Words, emotions, and two irreverent senses of humor collide in Sher and Wertz’s (Drinking at the Movies, 2015, etc.) debut book for teens.
For all those whose frustration at being unable to name a particular emotion has ever overtaken the emotion they are unable to name, this clever lexicon is here to provide relief. In a witty if occasionally inelegant alignment of form and function, the author’s collection of imaginative portmanteaus (and one acronym), such as “irredependent” (irrational + independent) and “castrapolate” (catastrophe + extrapolate), pay homage to the complexity of feelings. Meanwhile, with humor just this side of ribald, Wertz’s comic-strip illustrations demonstrate that, while emotional complexity can elude definition, it is just as universal to the human condition as birth, death, and forgetting people’s names as soon as they’ve introduced themselves (“namenesia”).

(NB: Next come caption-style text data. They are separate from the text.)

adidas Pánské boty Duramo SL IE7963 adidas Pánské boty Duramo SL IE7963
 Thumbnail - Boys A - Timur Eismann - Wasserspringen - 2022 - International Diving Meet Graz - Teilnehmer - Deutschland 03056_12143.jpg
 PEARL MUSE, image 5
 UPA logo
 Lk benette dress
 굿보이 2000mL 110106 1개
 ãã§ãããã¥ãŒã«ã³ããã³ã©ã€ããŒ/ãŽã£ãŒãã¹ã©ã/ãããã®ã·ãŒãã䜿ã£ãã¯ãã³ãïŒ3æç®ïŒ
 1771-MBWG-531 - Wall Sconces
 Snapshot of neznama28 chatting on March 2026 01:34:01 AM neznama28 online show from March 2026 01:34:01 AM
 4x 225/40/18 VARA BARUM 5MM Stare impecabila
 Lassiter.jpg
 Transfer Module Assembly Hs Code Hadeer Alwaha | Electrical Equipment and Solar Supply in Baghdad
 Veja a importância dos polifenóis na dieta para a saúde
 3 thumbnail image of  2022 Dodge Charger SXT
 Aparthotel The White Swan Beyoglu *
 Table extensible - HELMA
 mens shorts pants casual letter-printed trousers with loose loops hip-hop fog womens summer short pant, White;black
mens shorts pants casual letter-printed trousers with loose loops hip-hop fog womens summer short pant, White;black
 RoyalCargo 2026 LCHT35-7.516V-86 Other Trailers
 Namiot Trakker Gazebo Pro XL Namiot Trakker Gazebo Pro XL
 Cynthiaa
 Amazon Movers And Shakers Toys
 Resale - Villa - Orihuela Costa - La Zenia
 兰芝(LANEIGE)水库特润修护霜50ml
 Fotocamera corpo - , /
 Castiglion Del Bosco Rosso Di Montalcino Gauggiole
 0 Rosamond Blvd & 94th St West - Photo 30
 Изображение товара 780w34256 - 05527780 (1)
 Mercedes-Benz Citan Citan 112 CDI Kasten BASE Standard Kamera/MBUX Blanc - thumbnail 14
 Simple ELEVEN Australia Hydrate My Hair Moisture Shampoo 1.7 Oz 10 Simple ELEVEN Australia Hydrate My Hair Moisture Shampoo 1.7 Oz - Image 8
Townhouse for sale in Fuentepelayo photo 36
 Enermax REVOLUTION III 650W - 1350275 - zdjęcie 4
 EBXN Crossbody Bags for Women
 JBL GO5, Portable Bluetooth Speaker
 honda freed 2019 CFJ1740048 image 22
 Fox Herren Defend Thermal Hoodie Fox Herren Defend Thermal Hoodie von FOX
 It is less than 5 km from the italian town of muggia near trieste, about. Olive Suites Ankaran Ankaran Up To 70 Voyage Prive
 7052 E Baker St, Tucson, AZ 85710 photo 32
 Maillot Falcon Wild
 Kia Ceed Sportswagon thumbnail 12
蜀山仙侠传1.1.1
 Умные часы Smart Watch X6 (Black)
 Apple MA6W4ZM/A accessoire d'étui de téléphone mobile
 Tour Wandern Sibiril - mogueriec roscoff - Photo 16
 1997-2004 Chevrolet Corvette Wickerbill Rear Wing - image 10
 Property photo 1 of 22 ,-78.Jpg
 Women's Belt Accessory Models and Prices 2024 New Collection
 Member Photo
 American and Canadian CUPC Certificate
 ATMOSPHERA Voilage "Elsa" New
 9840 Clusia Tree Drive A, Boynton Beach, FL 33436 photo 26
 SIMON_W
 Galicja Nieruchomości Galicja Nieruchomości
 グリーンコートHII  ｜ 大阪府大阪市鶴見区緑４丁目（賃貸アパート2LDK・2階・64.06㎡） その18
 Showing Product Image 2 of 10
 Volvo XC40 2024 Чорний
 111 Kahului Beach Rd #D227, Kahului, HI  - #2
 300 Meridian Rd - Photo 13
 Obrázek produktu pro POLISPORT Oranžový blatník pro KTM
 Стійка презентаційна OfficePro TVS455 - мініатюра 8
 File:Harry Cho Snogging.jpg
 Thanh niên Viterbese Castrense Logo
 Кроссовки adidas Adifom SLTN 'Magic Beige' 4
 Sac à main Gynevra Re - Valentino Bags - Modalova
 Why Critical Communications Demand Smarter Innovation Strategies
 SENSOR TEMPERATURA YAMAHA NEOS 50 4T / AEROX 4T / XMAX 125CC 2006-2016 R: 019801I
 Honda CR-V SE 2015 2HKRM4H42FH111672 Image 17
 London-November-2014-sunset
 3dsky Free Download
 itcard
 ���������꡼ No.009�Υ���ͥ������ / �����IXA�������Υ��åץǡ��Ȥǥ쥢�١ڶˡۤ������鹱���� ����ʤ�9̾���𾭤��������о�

Situated somewhere between Urban Dictionary and a beginner’s guide to anxiety and introversion, the book highlights the importance of emotional literacy but stops short of addressing emotional competence, relying instead on the audience’s developed sense of irony to understand the validity of the newly named feelings while also managing to recognize any unhealthy emotional practices.
Emotionally beleaguered teen and adult readers who overlook the book’s juvenile packaging will find both clarity and camaraderie in its definitions.